[PROBLEM DESCRIPTION]: Starting at the top of the entries below, set down every line exactly, please, until you reach the line with "WOKESTAR Layered Straight", which is included too.

[SOURCE RECORDS]:
Start of Block
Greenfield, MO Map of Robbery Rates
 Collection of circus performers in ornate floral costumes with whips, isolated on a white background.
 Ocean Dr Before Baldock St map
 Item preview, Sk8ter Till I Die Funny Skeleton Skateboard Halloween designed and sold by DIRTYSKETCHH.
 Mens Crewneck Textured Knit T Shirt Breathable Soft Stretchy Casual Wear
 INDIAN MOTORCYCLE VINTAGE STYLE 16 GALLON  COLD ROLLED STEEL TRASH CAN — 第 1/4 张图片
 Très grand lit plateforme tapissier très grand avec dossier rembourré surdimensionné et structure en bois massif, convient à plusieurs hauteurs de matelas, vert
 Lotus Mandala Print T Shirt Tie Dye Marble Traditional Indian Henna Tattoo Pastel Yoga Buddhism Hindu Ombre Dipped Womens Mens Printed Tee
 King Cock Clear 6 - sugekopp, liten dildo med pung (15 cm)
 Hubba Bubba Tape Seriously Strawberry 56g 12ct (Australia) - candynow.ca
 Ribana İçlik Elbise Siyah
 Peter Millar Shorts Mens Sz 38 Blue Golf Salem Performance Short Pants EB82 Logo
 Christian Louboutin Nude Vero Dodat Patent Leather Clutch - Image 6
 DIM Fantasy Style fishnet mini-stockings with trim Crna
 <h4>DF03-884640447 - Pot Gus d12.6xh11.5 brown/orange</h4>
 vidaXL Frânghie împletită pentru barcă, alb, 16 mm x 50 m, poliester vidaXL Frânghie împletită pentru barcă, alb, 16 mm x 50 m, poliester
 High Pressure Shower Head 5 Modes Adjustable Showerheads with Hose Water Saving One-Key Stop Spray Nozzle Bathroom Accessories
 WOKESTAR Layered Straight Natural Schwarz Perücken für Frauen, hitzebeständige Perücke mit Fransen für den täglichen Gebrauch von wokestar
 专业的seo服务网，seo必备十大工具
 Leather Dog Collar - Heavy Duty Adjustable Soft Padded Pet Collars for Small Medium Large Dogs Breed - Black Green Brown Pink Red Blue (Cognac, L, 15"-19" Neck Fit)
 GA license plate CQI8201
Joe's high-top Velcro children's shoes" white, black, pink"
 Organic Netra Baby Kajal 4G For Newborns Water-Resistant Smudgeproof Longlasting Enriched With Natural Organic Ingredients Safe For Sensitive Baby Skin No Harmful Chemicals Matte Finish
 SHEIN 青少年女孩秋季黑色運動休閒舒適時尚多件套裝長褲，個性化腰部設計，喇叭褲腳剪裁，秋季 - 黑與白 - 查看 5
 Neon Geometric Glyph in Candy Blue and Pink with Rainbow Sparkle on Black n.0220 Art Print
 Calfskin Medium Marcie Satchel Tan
End of Block
[WRITTEN RESPONSE]:
Greenfield, MO Map of Robbery Rates
 Collection of circus performers in ornate floral costumes with whips, isolated on a white background.
 Ocean Dr Before Baldock St map
 Item preview, Sk8ter Till I Die Funny Skeleton Skateboard Halloween designed and sold by DIRTYSKETCHH.
 Mens Crewneck Textured Knit T Shirt Breathable Soft Stretchy Casual Wear
 INDIAN MOTORCYCLE VINTAGE STYLE 16 GALLON  COLD ROLLED STEEL TRASH CAN — 第 1/4 张图片
 Très grand lit plateforme tapissier très grand avec dossier rembourré surdimensionné et structure en bois massif, convient à plusieurs hauteurs de matelas, vert
 Lotus Mandala Print T Shirt Tie Dye Marble Traditional Indian Henna Tattoo Pastel Yoga Buddhism Hindu Ombre Dipped Womens Mens Printed Tee
 King Cock Clear 6 - sugekopp, liten dildo med pung (15 cm)
 Hubba Bubba Tape Seriously Strawberry 56g 12ct (Australia) - candynow.ca
 Ribana İçlik Elbise Siyah
 Peter Millar Shorts Mens Sz 38 Blue Golf Salem Performance Short Pants EB82 Logo
 Christian Louboutin Nude Vero Dodat Patent Leather Clutch - Image 6
 DIM Fantasy Style fishnet mini-stockings with trim Crna
 <h4>DF03-884640447 - Pot Gus d12.6xh11.5 brown/orange</h4>
 vidaXL Frânghie împletită pentru barcă, alb, 16 mm x 50 m, poliester vidaXL Frânghie împletită pentru barcă, alb, 16 mm x 50 m, poliester
 High Pressure Shower Head 5 Modes Adjustable Showerheads with Hose Water Saving One-Key Stop Spray Nozzle Bathroom Accessories
 WOKESTAR Layered Straight Natural Schwarz Perücken für Frauen, hitzebeständige Perücke mit Fransen für den täglichen Gebrauch von wokestar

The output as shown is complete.